- Born: December 20, 1890. Nuremberg
- Died: February 9, 1972 (aged 81)
- Occupations: Journalist, author
- Known for: Blood and Banquets (1943)
- Spouses: Max Israel; Karl Julius Steuermann; Peter F. Welles;
- Children: Grete-Ellen

= Bella Fromm =

German journalist

Bella Fromm (20 December 1890 – 9 February 1972) was a German journalist and author of Jewish heritage, who lived in exile in the United States during World War II. She is best known as the author of Blood and Banquets (1943), an account of her time as diplomatic correspondent for Berlin newspapers during the Weimar Republic, and of her experiences during the first five years of the Third Reich.
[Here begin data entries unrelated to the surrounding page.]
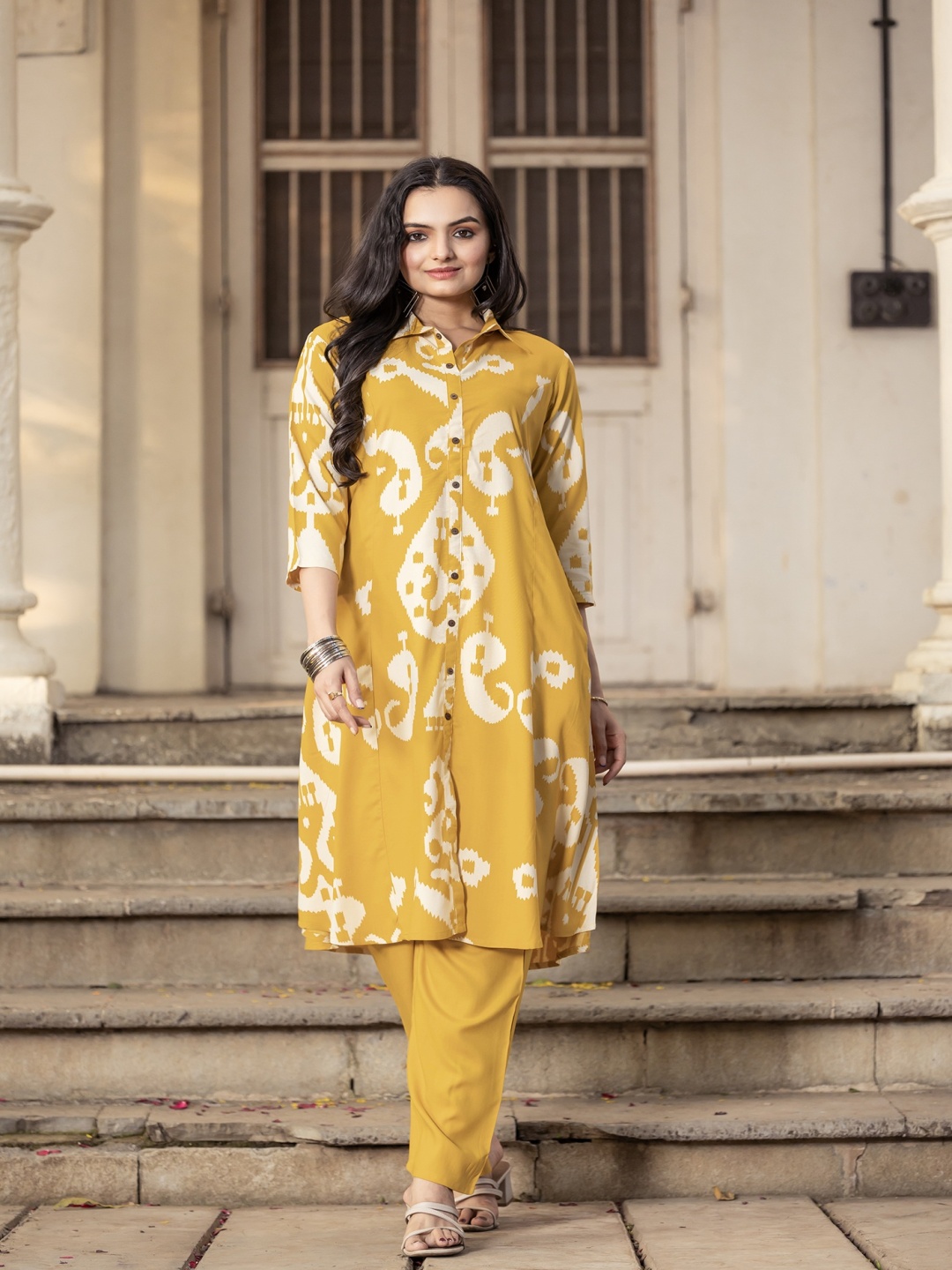 

MITTOO Paisley Printed Shirt Collar A-Line Kurta With Trouser, Yellow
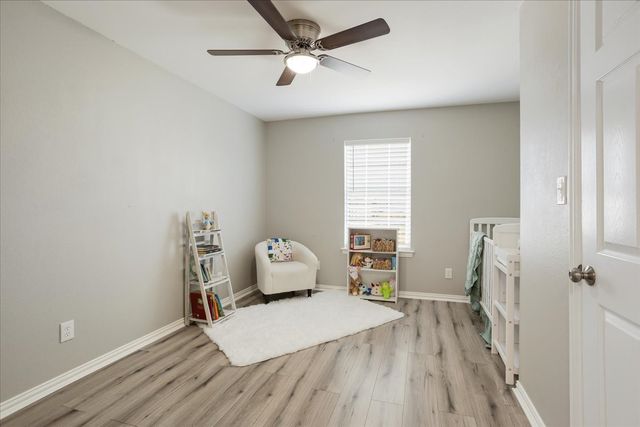 307 N Carter, Howe, TX 75459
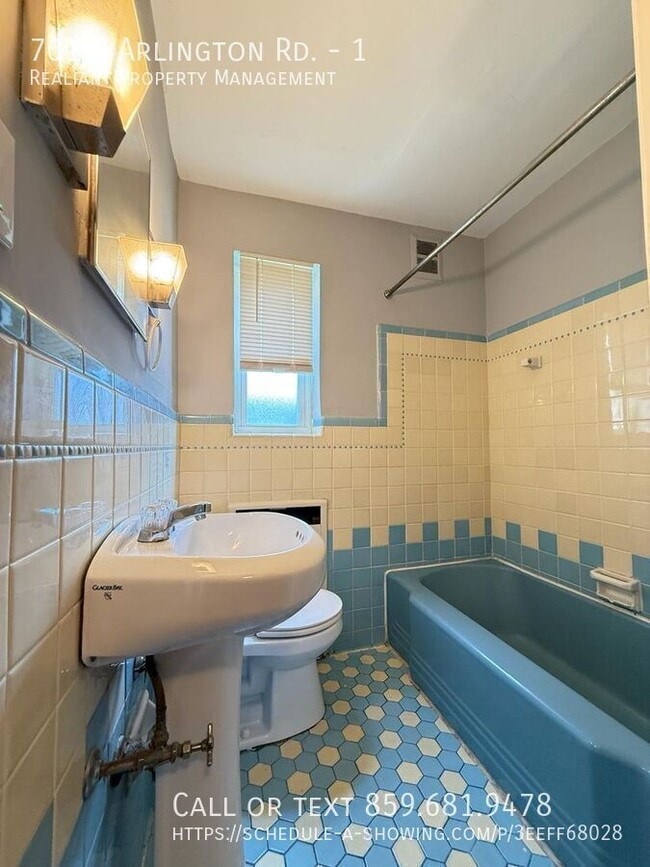 Building Photo - 701 S Arlington Rd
Although this book was published as an authentic contemporary diary and is frequently cited as such, recent research suggests that Fromm wrote it in the U.S. after leaving Germany.

==Life==
Fromm was born to Siegfried and Greta Fromm and into a family of prosperous wine merchants of Jewish heritage. She was born in Nuremberg and grew up in Kitzingen in Lower Franconia. The Fromm family was originally from Spain, but lived in Germany for 500 years until the Holocaust in Germany. By her own account, her family were in good standing with the Bavarian royal family and other leaders of Bavarian high society. Her father died when she was a child, and her mother died in 1918. In 1911 she married a Jewish businessman, Max Israel, with whom she had a daughter, Grete-Ellen (known as “Gonny” in Fromm’s writing), and two grandchildren. After her divorce from Israel, she married Karl Julius Steuermann, from whom she was also later divorced. Her third marriage was to Peter F. Welles, a physician.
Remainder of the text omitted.